Un relato que no se toca el corazón para llevar al lector frente a la bestia con piel de ángel que se esconde a plena luz del día. La narradora Liliana Blum vuelve a la perturbación narrativa con herramientas doradas.
Ciudad de México, 11 de marzo (SinEmbargo).- Raymundo Betancourt es el ciudadano modelo: profesionista honesto y responsable, solidario y comprometido con el bienestar de su comunidad. Pero como la vida no sólo es trabajo, también se permite dos sencillos placeres cotidianos: los chicles de canela y las niñas que mantiene secuestradas en su sótano.
El monstruo pentápodo nos enfrenta sin ambages ni eufemismos con la mente oscura del asesino, del psicópata adorable y manipulador ante cuyos encantos sucumbió Aimeé –otra “pequeña”, pero a su modo- hasta el punto de volverse cómplice a cambio de un poco de amor.

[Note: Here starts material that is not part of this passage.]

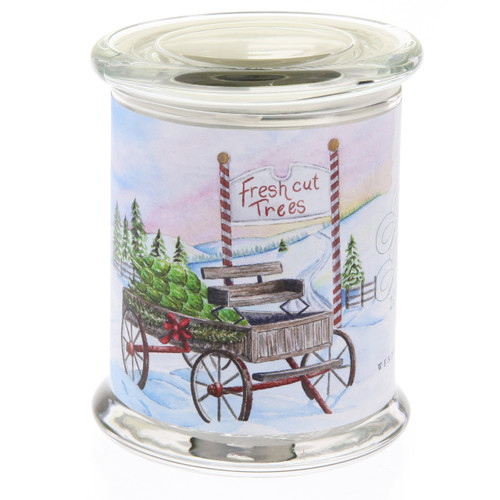 The Perfect Pine Candle The Perfect Pine Candle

Liliana Blum es tan hábil como despiadada. No se toca el corazón para empujar al lector al foso donde habita esa bestia con piel de ángel que se esconde a plena luz y que podría ser tu vecino, o el mío, o el de cualquiera.
Fragmento del libro El monstruo pentápodo, de Liliana Blum, Tusquets 2017, publicado con autorización de Editorial Planeta México.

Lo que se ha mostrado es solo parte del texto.